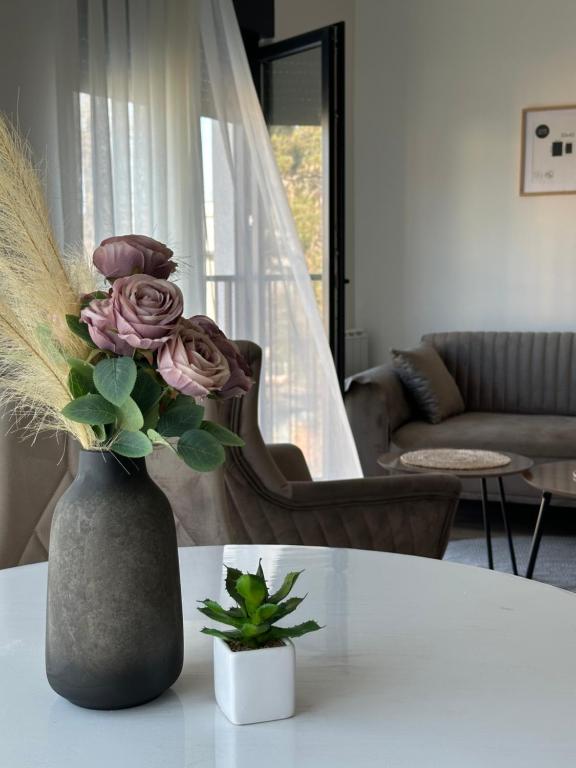 a vase with roses on a table in a living room at Golden Nest in Tuzla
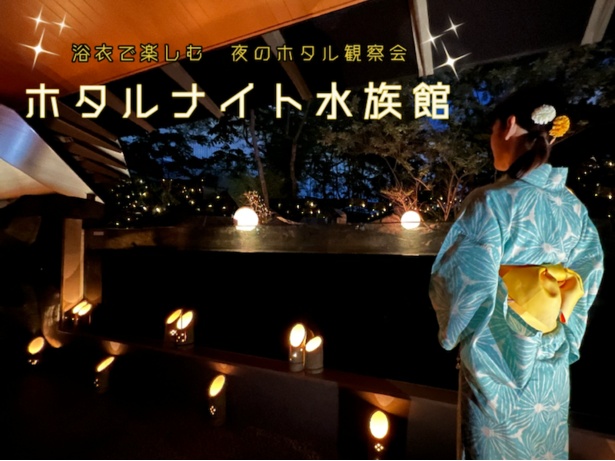 年齢制限のないナイトイベントも実施。2022年6月の「ホタルナイト水族館」では館内各所でホタルの生体を展示。浴衣・甚平で来館した人には特典もあった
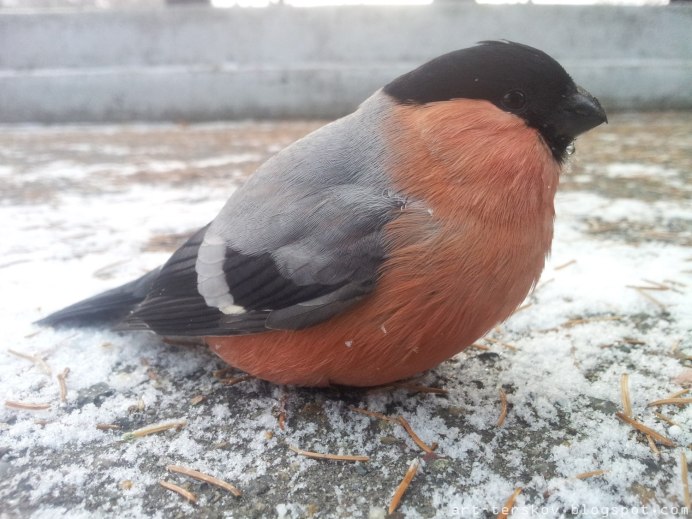 Грустный Снегирь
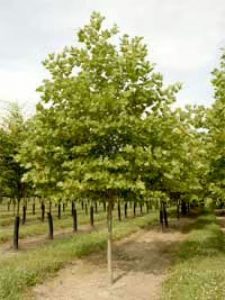 Ahornblättrige Platane 'Bloodgood' / Londoner Platane / Platanus acerifolia 'Bloodgood'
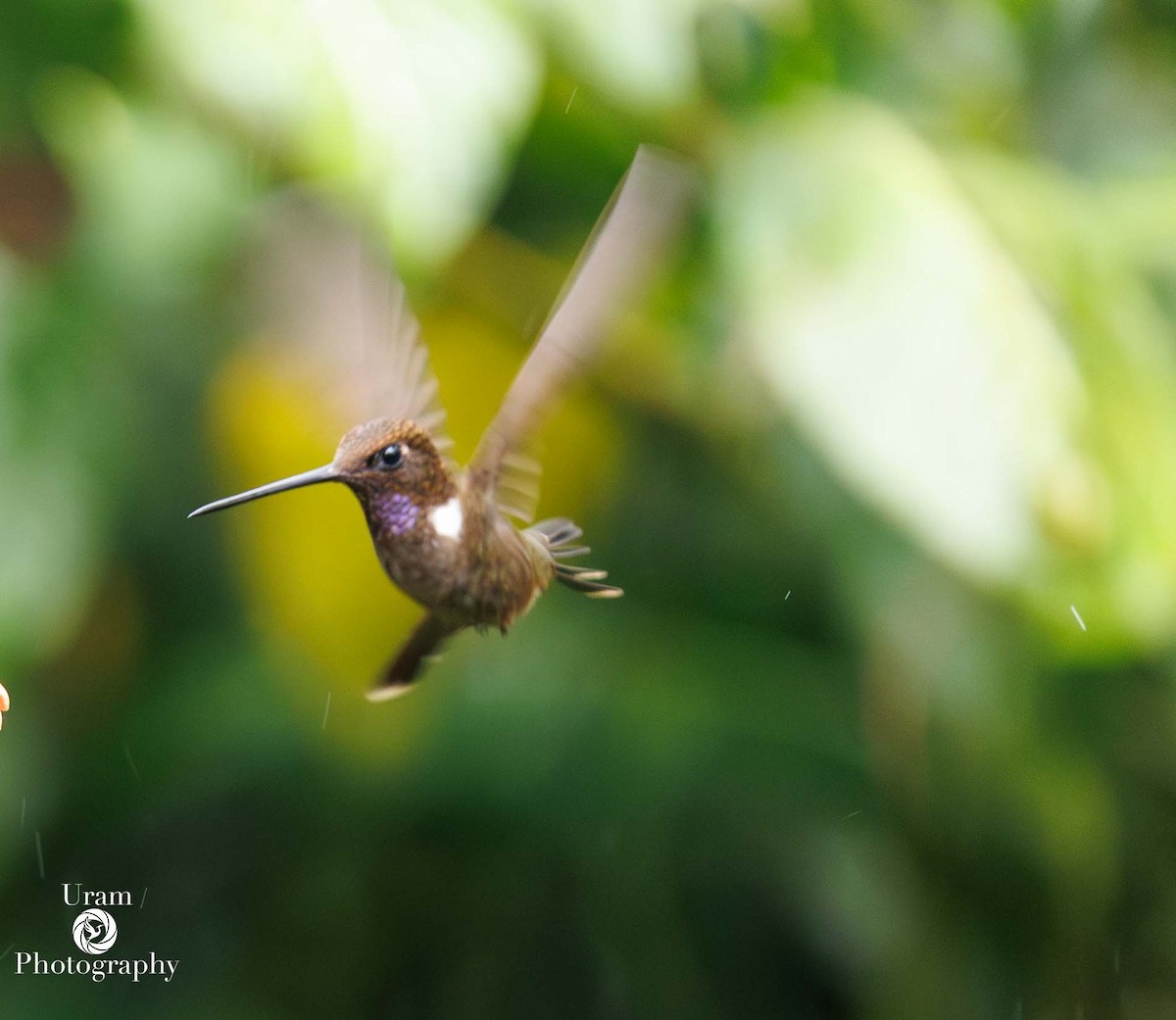 Brown Inca - ML649585625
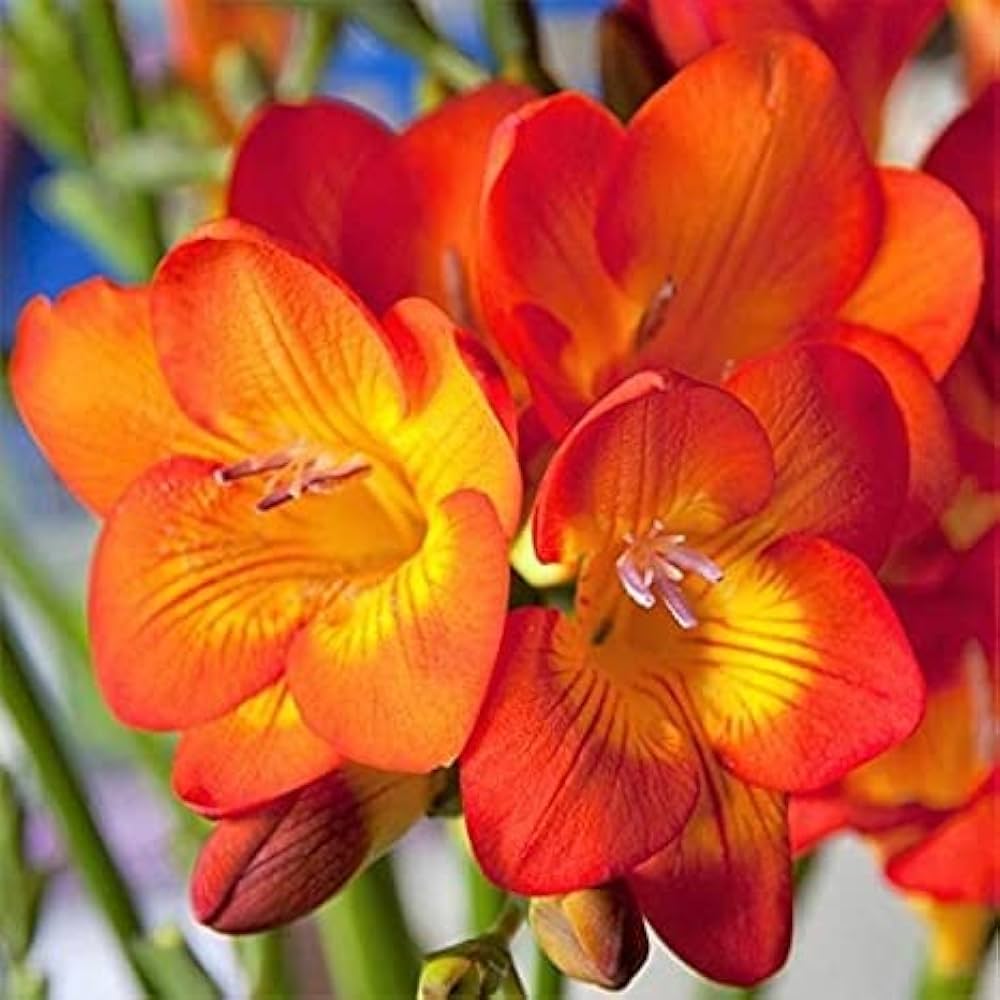 Premium Yellow Orange Freesias Flower seeds for Planting Fragrant Blossoms, Heirloom & GMO Free Seeds for Home Garden seeds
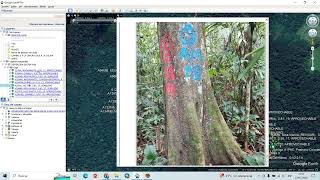 AVENZA MAPS A GOOGLE EARTH - EXPORTACION DE CAPAS Y TRATAMIENTO DE DATA RECOGIDO EN CAMPO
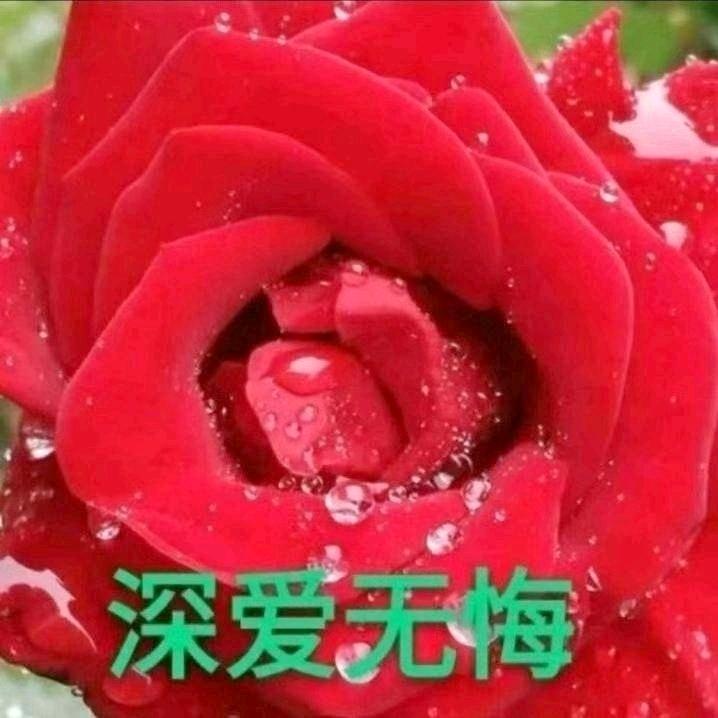 爱在山东💃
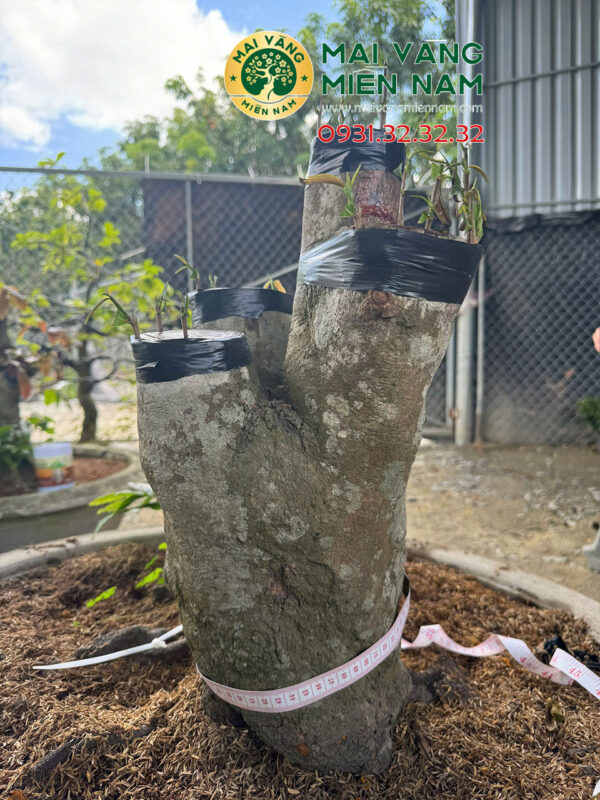 Mai Vàng Ghép Siêu Bông Bình Lợi Hoành 58cm, Cao 55cm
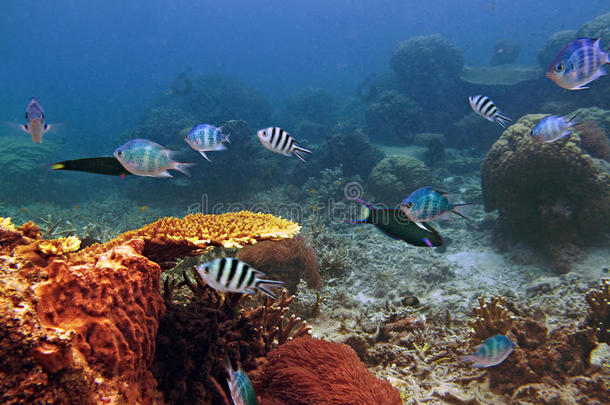 阿内蒙丰富多彩的珊瑚潜水鱼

========

| What this task involves |
Copy out the lines above from the line containing "Ahornblättrige Platane 'Bloodgood'" through the line containing "Premium Yellow Orange", exactly, and keep the pictures out.

| Finished exercise |
 Ahornblättrige Platane 'Bloodgood' / Londoner Platane / Platanus acerifolia 'Bloodgood'
 Brown Inca - ML649585625
 Premium Yellow Orange Freesias Flower seeds for Planting Fragrant Blossoms, Heirloom & GMO Free Seeds for Home Garden seeds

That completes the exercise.